Safe fallback protocols activate when baseline data is stale, missing, or mathematically invalid. In these scenarios, the evaluator defaults to a conservative DEGRADED state rather than suppressing alerts. This prevents silent regressions during cold starts or metric pipeline outages. Fallback states are explicitly tagged in routing payloads, allowing downstream automation to bypass irreversible actions (e.g., automated query blocking) while still triggering human-in-the-loop review.

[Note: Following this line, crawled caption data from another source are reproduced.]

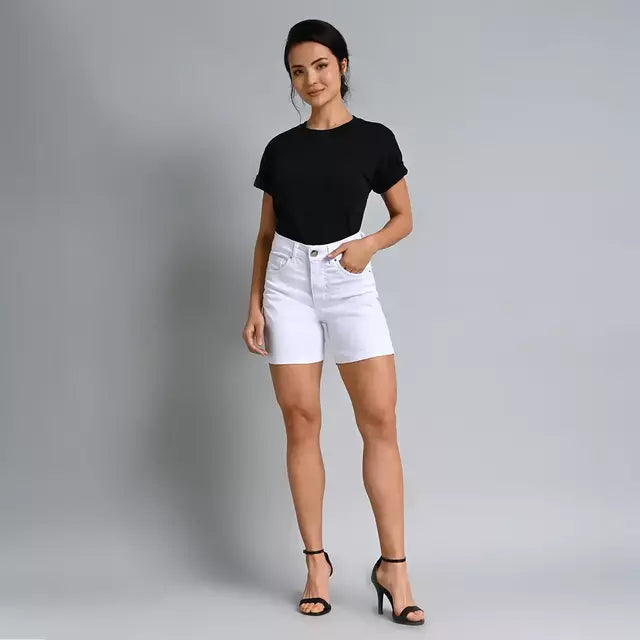 Bermuda Feminino Regular Meia Coxa - 37901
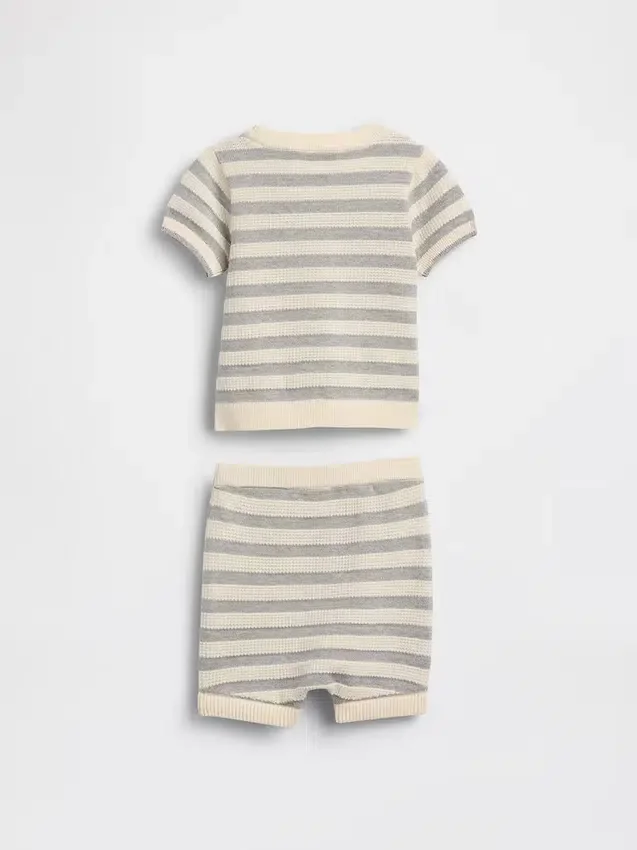 Set med randig babytröja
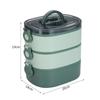 2000ML Lunch Box Stainless Steel Portable 3 Layer Children Student Bento Box Leakproof Microwavable Food Container School Travel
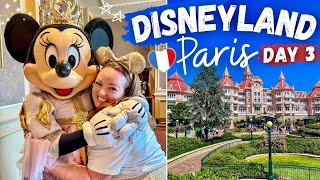 DISNEYLAND PARIS 2024 🏰 DAY 3 • Disneyland Hotel Review Royal Banquet Lunch amp Favourite Rides 🇫🇷✨ [upl. by Redan]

For advanced alerting configurations, teams should implement adaptive windowing that adjusts sigma multipliers based on query volatility. Detailed strategies for calibrating these parameters are documented in Setting Dynamic Thresholds for Query Regression Alerts. Additionally, all threshold definitions must be version-controlled and deployed alongside the evaluation binary to maintain auditability. When integrating with external monitoring stacks, align metric naming conventions with established standards such as the OpenTelemetry Semantic Conventions to ensure cross-platform compatibility.
Routing Determinism & Idempotency Guarantees
The evaluation stage guarantees idempotency by deriving all outputs solely from the input payload and immutable threshold configurations. No external state, cache lookups, or network calls are permitted during computation. Routing decisions are deterministic: identical payloads always yield identical composite scores and queue assignments. This property enables safe replay of historical telemetry for threshold tuning and regression forensics.
Downstream consumers receive payloads containing the evaluation result, original telemetry snapshot, and a cryptographic checksum of the input. This design supports audit trails, compliance reporting, and automated rollback verification. By enforcing strict boundaries around threshold computation, platform teams eliminate race conditions, reduce false-positive rates, and establish a reliable foundation for autonomous query performance management.
For deeper reference on optimizer behavior and cost model interpretation, consult the official PostgreSQL EXPLAIN documentation to align threshold expectations with actual execution engine semantics.